— Я тут присяду потихонечку, а? — улыбался он, не особо пугаясь фирсовской строгости. — Ужасно хочется с человеком поговорить… сил нет, как хочется. Никто, знаете, со мной всерьез поговорить не желает, а все только шуточки одни. Уж очень человек-то я смешной. Такой!
— То есть, это в каком виде? — подозрительно воззрился Фирсов. — По-моему, даже наоборот!
— Нет, уж тут позвольте, кхи-ки-с! — покашлял он. — У меня, как бы это приличнее сказать… лицо маслянистое. Всегда оно блестит, будто я шут знает кто… и глаза у меня — торопыги. Все бегут, еле поспеваю за ними мыслью!
— Садитесь, — двинул Фирсов затекшими от изумления пальцами. — Вы кто ж такой?

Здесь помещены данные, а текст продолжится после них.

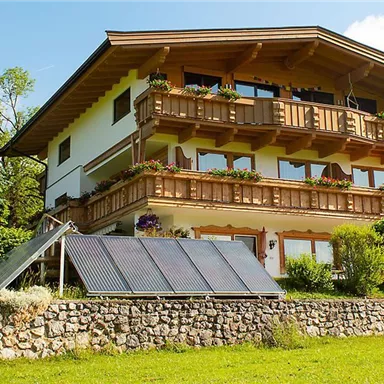 A cozy house in alpine style with a large balcony. Surrounded by green spaces and a sunny sky.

— А вы-с? — показал пальцем человек.
— Я Фирсов, приятель Марии Федоровны.
— А я дядя машечкин. Я ее вот экую помню. Маленькую. Вместе варенье у тети Паши покрадывали. Друзья детства! Я тогда у ейного папаши на хлебах состоял. (— Крепчайшие мужчины были: полтинник-кукишем ломали. Давайте полтинку, я покажу!.. Не угодно? Ну, не неволю… Братцем они доводились мне.) Да нет, что уж там: смешной я! Знаете, как меня зовут? Пигр Иваныч. Федор Игнатьич меня просто Тигр звали, а я уж сам переделал посмешней. Придет с работы, устанет, ну и хочется его повеселить. Ведь я бесполезный человек, тунеядец по преимуществу!
— Позвольте, делаете же вы что-нибудь в жизни? — разглядывал совсем откровенно занимательную диковину эту Фирсов.

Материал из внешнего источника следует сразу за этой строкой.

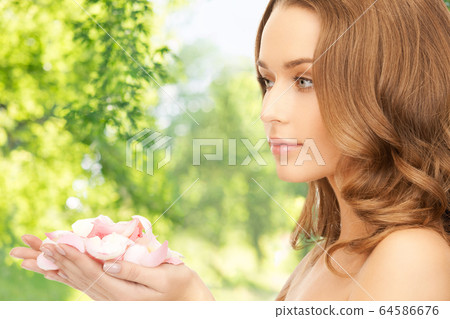 beautiful woman with rose flower petals beautiful woman with rose flower petals 64586676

— Пробовал, гоняют-с! Бильярдный маркер был, зиц-редактор (— знаете, на предмет отсидки!), актером (— на балаганах под Девичьим в старые времена японского офицеришку изображал, и меня за это всенародно прокалывали. Война-с! Я после этого и пить стал!) Думаете, небось, каким манером такие сохранились, как я? По норочкам сидим и с трепетом ждем страшного суда. Нетрудящиеся не должны кушать, — ведь это против меня лично направлено. Однако не все делается сразу: мы еще посуществуем!
— Не валяйте дурака, не выношу, — заметил Фирсов.

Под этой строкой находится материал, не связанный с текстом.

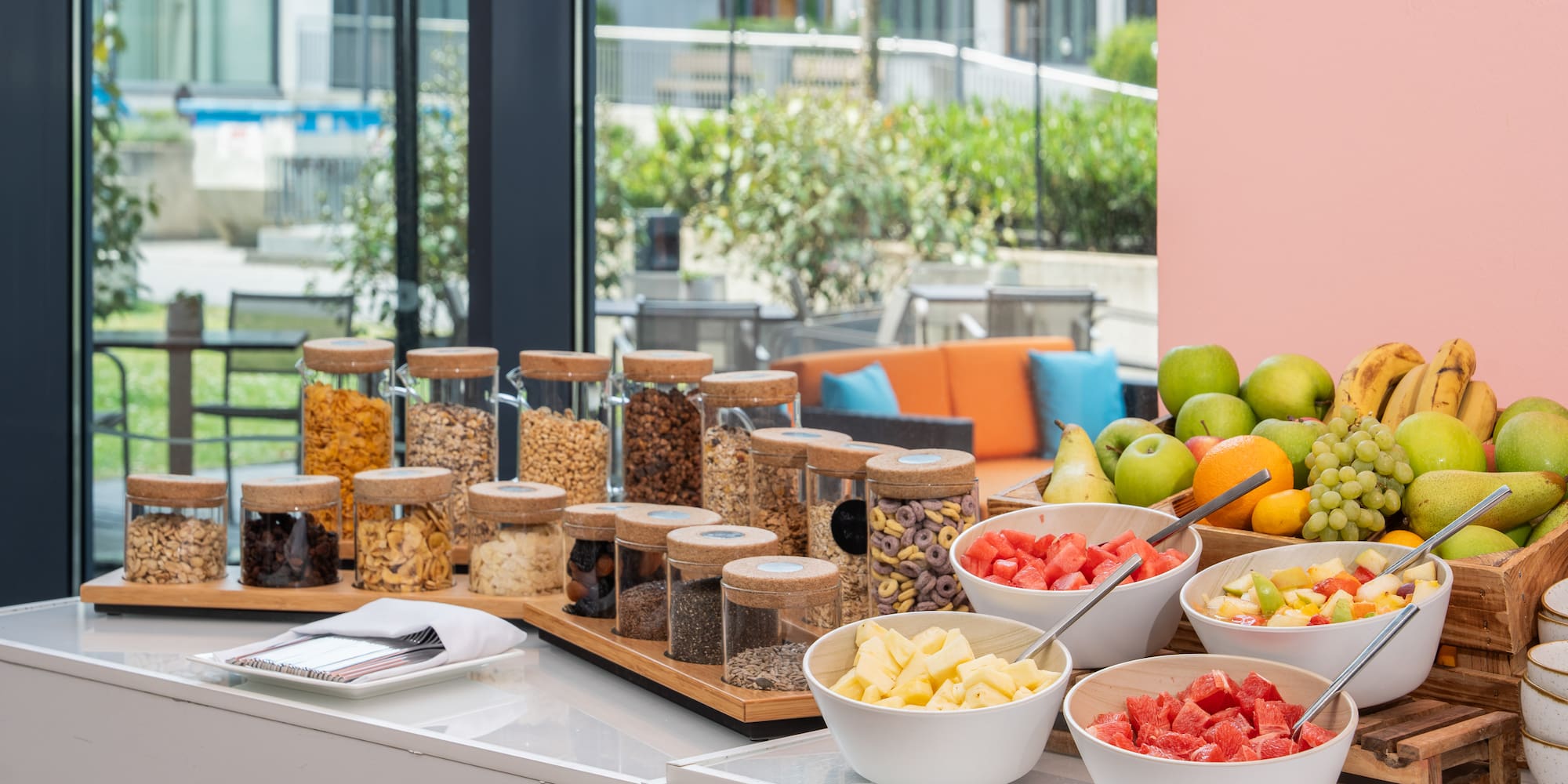 a table with bowls of food and fruits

— Не буду-с!.. На ихнем месте бабахнул бы я декретцем: синдетикон варить из всех бесполезных — на благо людей полезных. Как вы на это смотрите? Наваристый клей выйдет… Ну-ну, я шучу. Смехопредположение одно! Я вот за долгие годы наблюдаю: приятно людям, чтоб человек добровольно унизился. Да так унизился, чтоб самому унизителю совестно не стало, чтоб он, унижая, все-таки человека в тебе видел. Вот и у меня — высшая школа, прогресс!
— Не коверкайтесь, говорю, как вас там!
— Пигр Иваныч!.. Привык к чужим хлебам, привык и к помыканию. Машечка, думаете, не станет помыкать? Ого! Каждому лестно через чужое потоптание возвыситься. Потому что самому ему цена грош. Продавленный! До клея не дойдут: выварят, а потом что делать-то?.. Федор Игнатьич раз по шее мне дали. (— Банька у них сгорела, и дочка сбежала: огорчительны нонче дети, равно как и неимение их.) Дали — и все. А вот и умерли, братец, в девятнадцатом… не от голода, отнюдь! Я для них, бывало, и хлебца достану и курочку раз руками задавил, чужую. Меня звери любят, сами ко мне идут. Безгласный я. Помыкаемый…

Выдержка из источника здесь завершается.